The cost will just continue to stack up as you start pouring more features. You start with a machine to run your code. You need a database. You need storage space. All this will just continue to add up to the basic infrastructure you need to get it running.

Another side you have to look into in the technology stack. Are you using Node.JS? PHP? Ruby On Rails? .NET? Java Springboard? Yea, so finding the right hosting that can run the framework you need.

Edit: Can use Heroku for you to run a simple application using their free dyno. Basically, this is a cheap alternative to help you get started.

Or.

Go for general VPS (Virtual Private Server). Basically is just a computer in the cloud that you can link with your domain name.

There are many companies especially those big-name are jumping into wanting to provide you this.

Amazon (AWS), Microsoft (Azure), Google (Cloud), IBM (Bluemix), Alibaba (AliCloud)… just to name a few. As you can see, most are the billion-dollar company we are talking about.

For that, we are lucky.

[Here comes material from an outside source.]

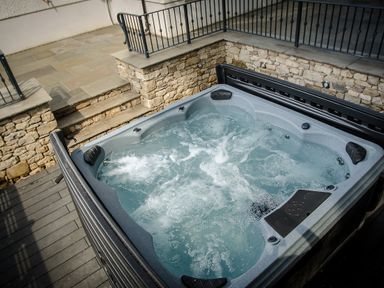 An outdoor hot tub with bubbling water next to stone walls and metal railings at Pen-y-Ghent in Kirkby Lonsdale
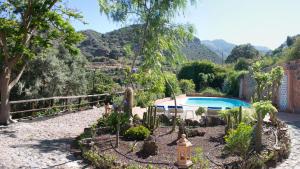 Vista de la piscina de Casa Vacacional Rural Villa Barranco de los Cernícalos o alrededores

Competition is better for us. Marketing is stiffer, and in some cases, we get up to almost a year of a free trial. Or certain feature is always free. Again too much detail to dig in here.

Edit: If you don’t mind trying out serverless, there some cloud services for you to try out. Netlify Function and Vercel.

Summary

In a nutshell, my advice is to have a game plan. The basic stuff most application needs is just this few.

Server (Backend Framework), Database (SQL or No-SQL), Web Page (Frontend Framework).

As you can read from my other post. My core is Node.JS, Any database (SequelizeJS), MithrilJS. In fact, I am quite flexible in switching framework as well, since is not that difficult for me to learn and pick up new or old tech.